I have it set to 15min just for now but usually it is 2hr. Yes, i can look into the UnInterruptibleReplicationSeconds but my bigger question is: Should the primary filldb stop processing (and the bufferdir fill up) when then the DSA replicates from it? I wouldn’t think so because it causes us an outage on the primary.

opinion here
DSA in general can require significant tuning to prevent database locking issues, and at a large enough scale that can become untenable.

If there is contention for database resources, yes that can cause locking problems where FillDB can’t update rows because the rows are locked for replication by the DSA partner. The Support team can help, but the usual tuning guidance from the Capacity and Planning guide apply - including FillDB tuning, console refresh times, client reporting intervals, offloading processing to top-level relays, to database & hardware tuning (keeping DB transaction logs, tempdb, and bfenterprise on separate volumes, high-performance storage such as SSD RAID volumes), and high-capacity links between the DSA partners.

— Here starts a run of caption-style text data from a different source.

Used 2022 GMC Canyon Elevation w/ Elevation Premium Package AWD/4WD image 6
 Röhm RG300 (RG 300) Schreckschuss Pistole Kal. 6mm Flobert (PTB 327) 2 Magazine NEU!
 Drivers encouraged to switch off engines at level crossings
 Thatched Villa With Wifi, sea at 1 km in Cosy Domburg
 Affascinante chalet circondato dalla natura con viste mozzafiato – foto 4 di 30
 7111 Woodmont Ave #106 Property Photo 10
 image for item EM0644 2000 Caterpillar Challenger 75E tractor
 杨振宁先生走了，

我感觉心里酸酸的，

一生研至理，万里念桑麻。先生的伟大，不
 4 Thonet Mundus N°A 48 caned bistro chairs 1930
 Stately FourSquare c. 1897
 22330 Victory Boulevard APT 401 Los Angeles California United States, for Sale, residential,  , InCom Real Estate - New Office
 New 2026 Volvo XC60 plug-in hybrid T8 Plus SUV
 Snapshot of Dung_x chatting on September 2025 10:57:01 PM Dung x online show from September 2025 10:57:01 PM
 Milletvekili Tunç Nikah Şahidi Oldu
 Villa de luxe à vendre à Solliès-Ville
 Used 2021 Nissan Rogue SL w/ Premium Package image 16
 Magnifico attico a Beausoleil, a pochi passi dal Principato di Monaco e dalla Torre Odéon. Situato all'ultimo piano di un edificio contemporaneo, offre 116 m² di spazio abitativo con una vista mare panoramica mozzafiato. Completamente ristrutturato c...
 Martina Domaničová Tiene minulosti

In large deployments, I haven’t seen anyone recommend DSA in quite a while due to the overhead of tuning, and at a large enough scale it becomes untenable. For deployments of over 45k endpoints or so, we usually do a traditional DR instead - having the BigFix server services preinstalled at a backuo site, and copying wwwrootbes files and SQL database backups to it as frequently as needed (usually daily) for a recovery.

Yeah, we’re finding that too that DSA isn’t a great fit for our multiple 50k+ deployments. Our next techrefresh will use standard SQL replication practices for HA and some sort of HA for the root server (TBD).
Hopefully support can help. thanks

1 Like

If not already done, to further investigate your problem, you may want to enable the Filldb debug and Filldb performance logs. See:

https://www.ibm.com/developerworks/community/wikis/home?lang=en#!/wiki/Tivoli%20Endpoint%20Manager/page/BigFix%20Logging%20Guide

Once you have the evidence of the problem, rememeber to disable the above logging as it could affect performance.

I was able to tighten the audit trail cleaner values up and removed a bunch of rows. This allowed DSA to replicate past the ACTION DEFS table. I think i’ll have to run that audit trail cleaner daily as we have some days with 5000+ jobs a day.

thanks for the help.